Two common ways to estimate the center of a set of data are the sample mean and the sample median. The sample mean is sometimes more efficient, but the sample median is always more robust. (I’m going to cut to the chase first, then go back and define basic terms like “median” and “robust” below.)
When the data come from distributions with thick tails, the sample median is more efficient. When the data come from distributions with a thin tail, like the normal, the sample mean is more efficient. The Student-t distribution illustrates both since it goes from having thick tails to having thinner tails as the degrees of freedom, denoted ν, increase.
When ν = 1, the Student-t is a Cauchy distribution and the sample mean wanders around without converging to anything, though the sample median behaves well. As ν increases, the Student-t becomes more like the normal and the relative efficiency of the sample median decreases.
Here is a plot of the asymptotic relative efficiency (ARE) of the median compared to the mean for samples from a Student-t distribution as a function of the degrees of freedom ν. The vertical axis is ARE and the horizontal axis is ν.
The curve crosses the top horizontal line at 4.67879. For values of ν less than that cutoff, the median is more efficient. For larger values of ν, the mean is more efficient. As ν gets larger, the relative efficiency of the median approaches the corresponding relative efficiency for the normal, 2/π = 0.63662, indicated by the bottom horizontal line.
The sample mean is just the average of the sample values. The median is the middle value when the data are sorted.
Since data have random noise, statistics based on the data are also random. Statistics are generally less random than the data they’re computed from, but they’re still random. If you were to compute the mean, for example, many times, you’d get a different result each time. The estimates bounce around. But there are multiple ways of estimating the same thing, and some ways give estimates bounce around less than others. These are said to be more efficient. If your data come from a normal example, the sample median bounces around about 25% more than the sample mean. (The variance of the estimates is about 57% greater, so the standard deviations are about 25% greater.)
But what if you’re wrong? What if you think the data are coming from a normal distribution but they’re not. Maybe they’re coming from another distribution, say a Student-t. Or maybe they’re coming from a mixture of normals. Say 99% of the time the samples come from a normal distribution with one mean, but 1% of the time they come from a normal distribution with another mean. Now what happens? That is the question robustness is concerned with.
Say you have 100 data points, and one of them is replaced with ∞. What happens to the average? It becomes infinite. What happens to the median? Either not much or nothing at all depending on which data point was changed. The sample median is more robust than the mean because it is more resilient to this kind of change.

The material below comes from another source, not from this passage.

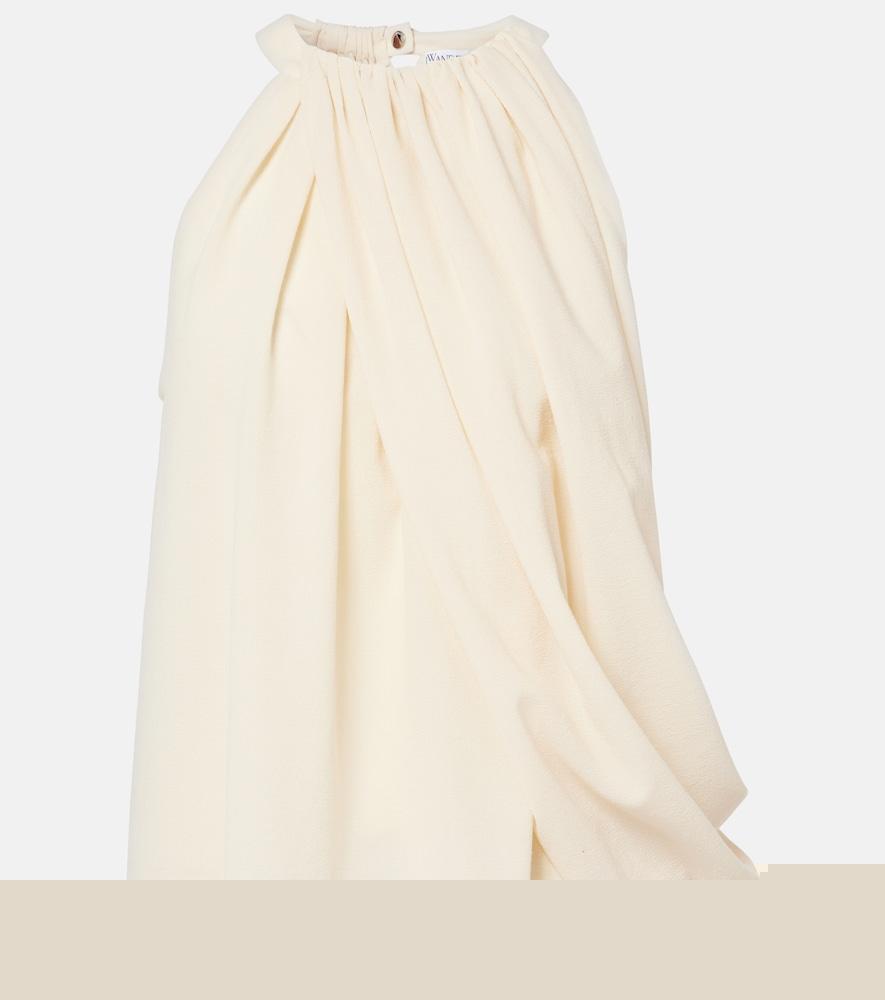 jw anderson draped wool-blend top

Asymptotic relative efficiency (ARE) is a way of measuring how much statistics bounce around as the amount of data increases. If I take n data points and look at √n times the difference between my estimator and the thing I’m estimating, often that becomes approximately normally distributed as n increases. If I do that for two different estimators, I can take the ratio of the variances of the normal distributions that this process produces for each. That’s the asymptotic relative efficiency.
Often efficiency and robustness are in tension and you have to decide how much efficiency you’re willing to trade off for how much robustness. ARE gives you a way of measuring the loss in efficiency if you’re right about the distribution of the data but choose a more robust, more cautious estimator. Of course if you’re significantly wrong about the distribution of the data (and often you are!) then you’re better off with the more robust estimator.